Abstract

Leaf Area Index (LAI) represents the total surface area of leaves above a unit area of ground and is a key variable in any vegetation model, as well as in climate models. New high resolution LAI satellite data is now available covering a period of several decades. This provides a unique opportunity to validate LAI estimates from multiple vegetation models. The objective of this paper is to compare new, satellite-derived LAI measurements with modeled output for the Northern Hemisphere.

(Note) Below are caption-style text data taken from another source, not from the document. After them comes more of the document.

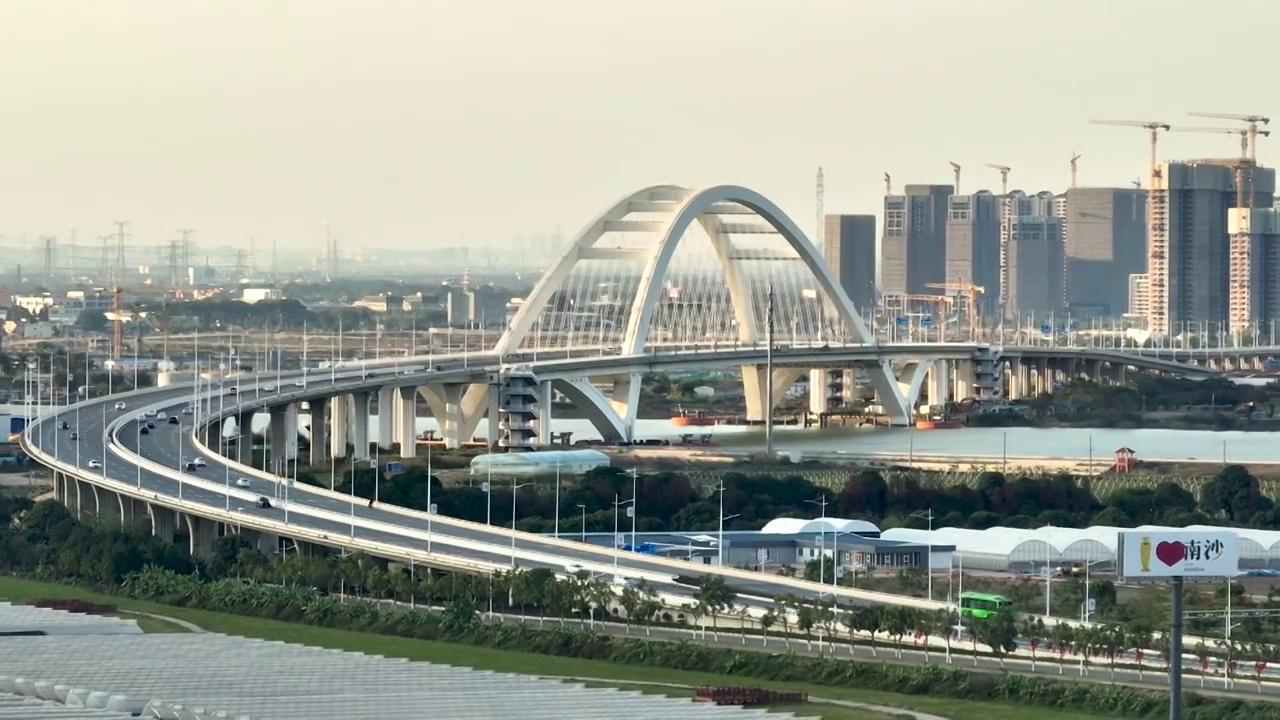 航拍广州南沙自贸区城市风光实景视频素材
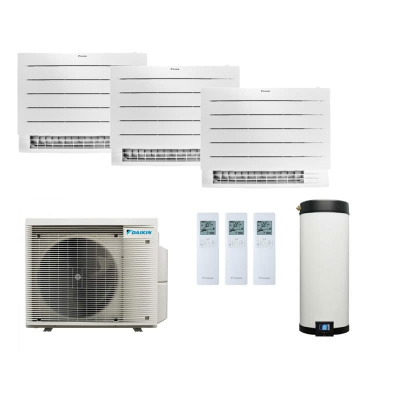 Daikin 4MWXM52A9 Multi+ Set 3 x Perfera WiFi Truhengeräte FVXM25B + Wassertank 90L  EKHWET90BV3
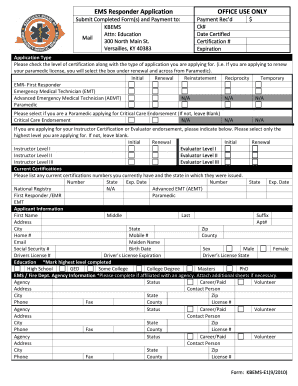 Kentucky EMS Responder Application Form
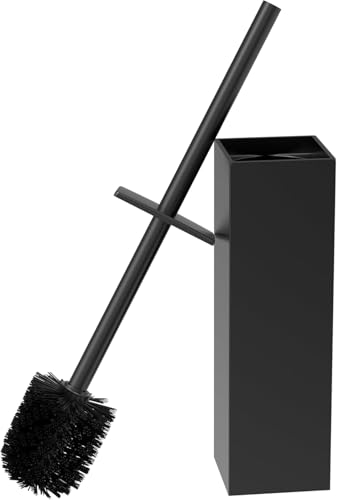 Image of RUACQ Toilet Brush and Holder Set, Square, Matte Black | SUS304 Stainless Steel Handle, Toilet Cleaner Brush with Durable Scrubbing Bristles, Splash-Proof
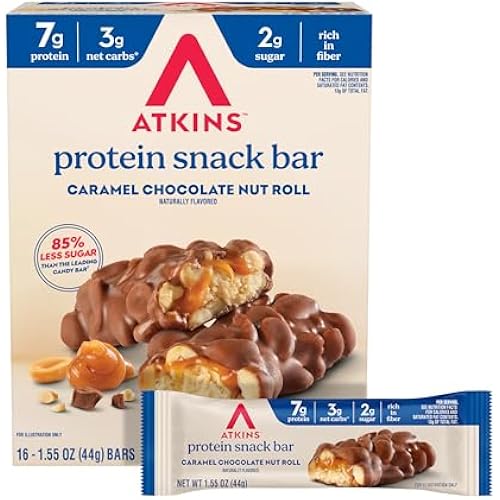 Atkins Caramel Chocolate Nut Roll Snack Bar, 16 Count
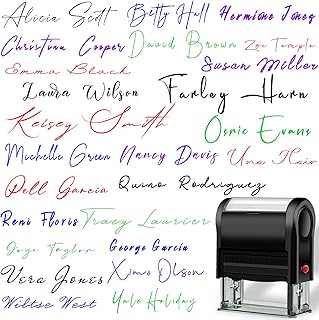 Personalized Signature Stamps for Signing Name Custom Signature Stamps Self Inking Signature Stamp Personalized,Rubber Custromized Name Stamps - Up 5 Colors and Many Cursive Fonts Black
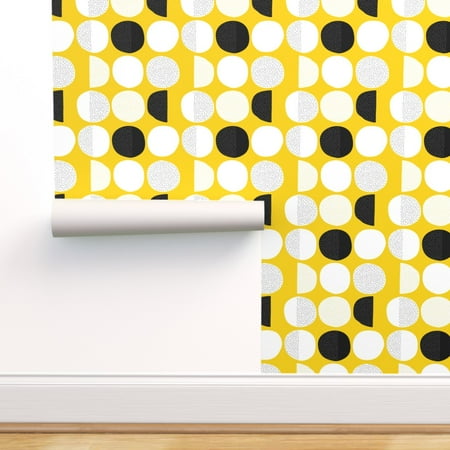 Peel And Stick Removable Wallpaper Mod Yellow Abstract Circles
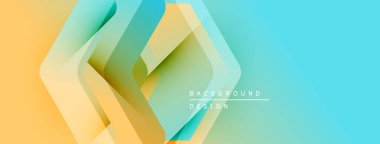 Soyut geometrik katmanlar canlı bir değişim etkisi yaratır. Üst üste binen şekiller derinliği gösteriyor, modern tasarım estetiği. Hafif, havadar kompozisyon.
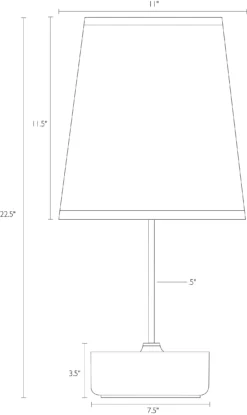 Capstone Table Lamp -Furniture Discount Shop Capstone 029114 DimensionDrawing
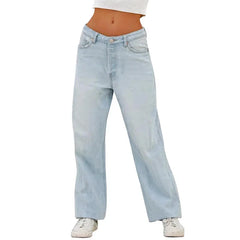LIZAKOSHT - High Waist Loose Women Straight Jeans Street Casual Wide Leg Denim Pants Female Four Seasons Comfortable Commuter Trousers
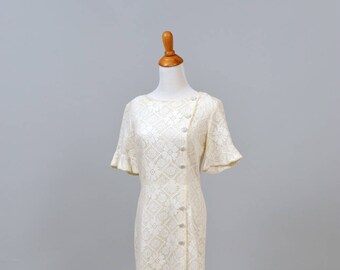 1960 Mod Lace Trumpet Sleeve Vintage Wedding Dress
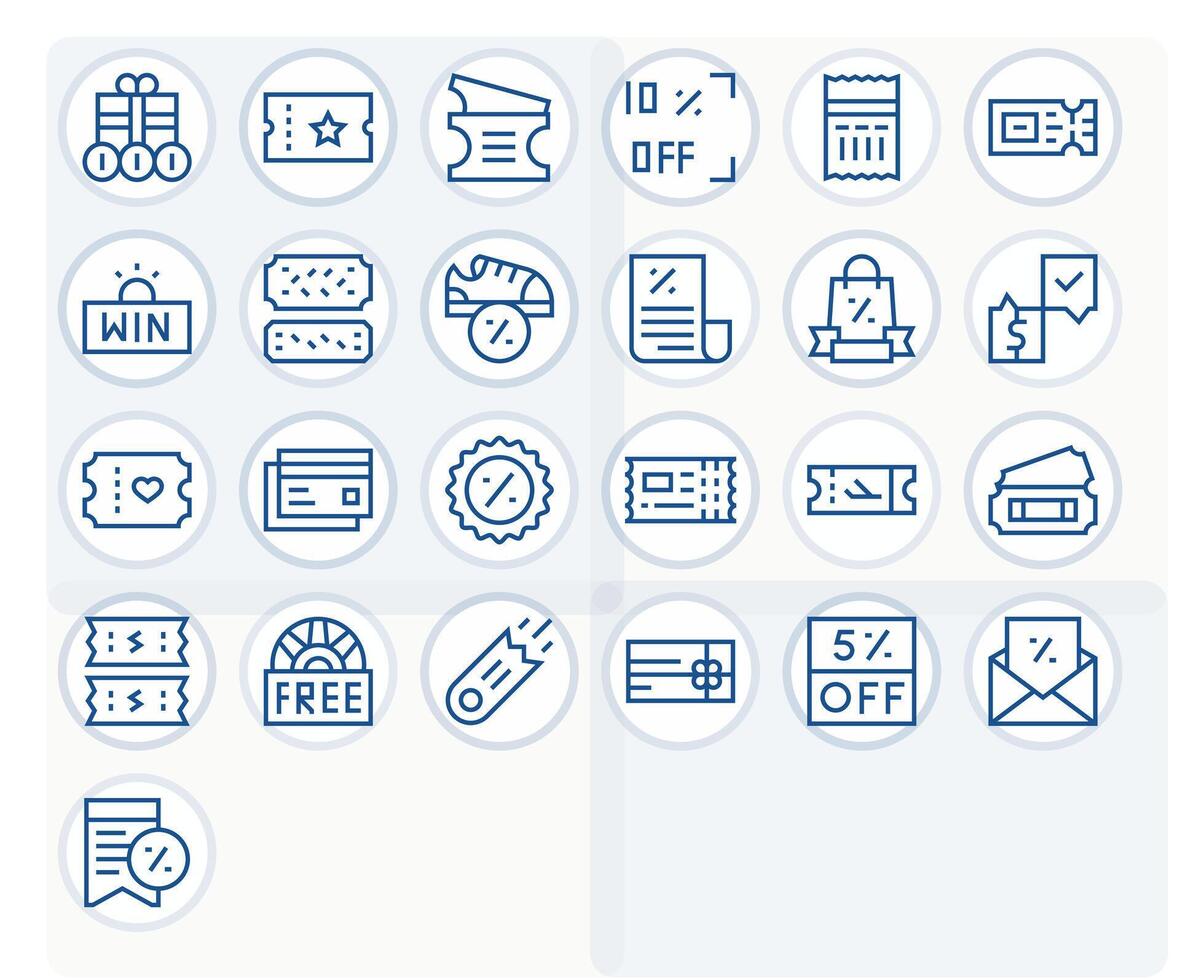 25 Regular Line Detail Enhanced Icons tailored for Voucher High Resolution interface vector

We compare monthly LAI output from eight land surface models from the TRENDY compendium with satellite data from an Artificial Neural Network (ANN) from the latest version (third generation) of GIMMS AVHRR NDVI data over the period 1986–2005. Our results show that all the models overestimate the mean LAI, particularly over the boreal forest. We also find that seven out of the eight models overestimate the length of the active vegetation-growing season, mostly due to a late dormancy as a result of a late summer phenology. Finally, we find that the models report a much larger positive trend in LAI over this period than the satellite observations suggest, which translates into a higher trend in the growing season length. These results highlight the need to incorporate a larger number of more accurate plant functional types in all models and, in particular, to improve the phenology of deciduous trees.

Highlights

  • Leaf Area Index (LAI) is the number of leaf layers per unit area in an ecosystem

  • All of the models overestimate mean LAI, LAI trend and interannual variability (IAV) over the high-latitude Northern Hemisphere compared to the satellite observations (Figure 2)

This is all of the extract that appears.